Quick Start

In this page we’ll go over the basics of using the code and its outputs.

Dependencies

  • numpy

  • healpy

  • camb

  • emcee (only for likelihoods)

  • h5py (only for likelihoods)

XFaster is compatible with Python versions 3.0 and higher.

Installation

To use the latest release version of xfaster, install via pip:

$ pip install xfaster

Otherwise, for development work, clone the repo (https://github.com/SPIDERCMB/xfaster) and install manually:

$ pip install .

Or, if installing on a shared machine:

$ pip install . --user

Note: Every time you pull or make local changes to files in xfaster/xfaster, you must reinstall for them to take effect. XFaster is under active development as we add new features– if something is broken, try to git pull and reinstall!

Example Script

To get started with the code before running it on your data, you can run through the example, described in more detail in the Tutorial link. First, generate the small ensemble of maps by running make_example_maps.py in the examples directory. This should take about 15 minutes on an 8-core laptop. Then, run xfaster_example.py. This should take about 20 minutes with 8 cores.

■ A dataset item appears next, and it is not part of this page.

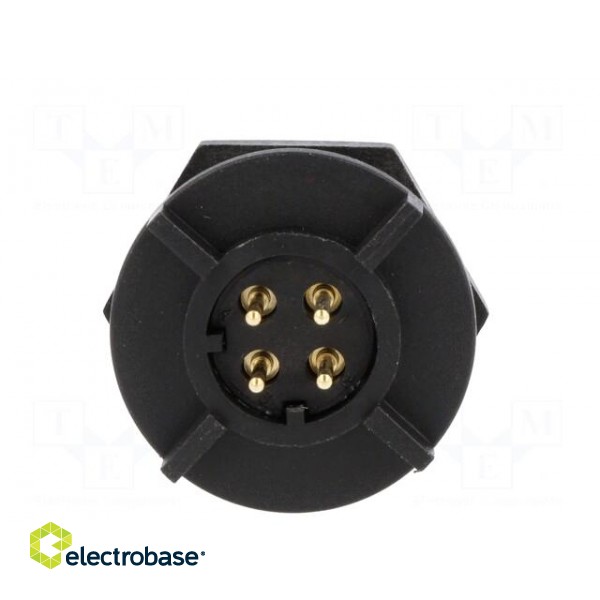 Connector: circular | socket | female | PIN: 4 | Buccaneer 400 | IP68 фото 5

This runs XFaster on the example maps, so you can see the step-by-step process and look at the outputs, as demonstrated below.

Setting up your data

Map Data

The code requires a certain directory structure for your input maps:

<data_root>/
├── data_<data_type>
│   ├── <data_subset1>
│   │   ├── map_<tag1>.fits
│   │   ├── ...
│   │   ├── map_<tagN>.fits
│   ├── <data_subset2> (same filenames as <data_subset1>)
│   ├── ....
│   ├── <data_subsetM>
├── signal_<signal_type>
│   ├── spec_signal_<signal_type>.dat
│   ├── <data_subset1>
│   │   ├── map_<tag1>_0000.fits
│   │   ├── ...
│   │   ├── map_<tag1>_####.fits
│   │   ├── ...
│   │   ├── map_<tagN>_0000.fits
│   │   ├── ...
│   │   ├── map_<tagN>_####.fits
│   ├── ....
│   ├── <data_subsetM> (same filenames as <data_subset1>)
├── noise_<noise_type> (same filenames as signal_<signal_type>)
├── masks_<mask_type>
│   ├── mask_map_<tag1>.fits
│   ├── ...
│   ├── mask_map_<tagN>.fits
[[optional:]]
├── foreground_<foreground_type_sim> (same filenames as signal_<signal_type>)
├── templates_<template_type>
│   ├── template1 (same filenames as data_<data_type>)
│   ├── template2 (same filenames as data_<data_type>)
└── reference_<reference_type>
    ├── reference1 (same filenames as data_<data_type>)
    └── reference2 (same filenames as data_<data_type>)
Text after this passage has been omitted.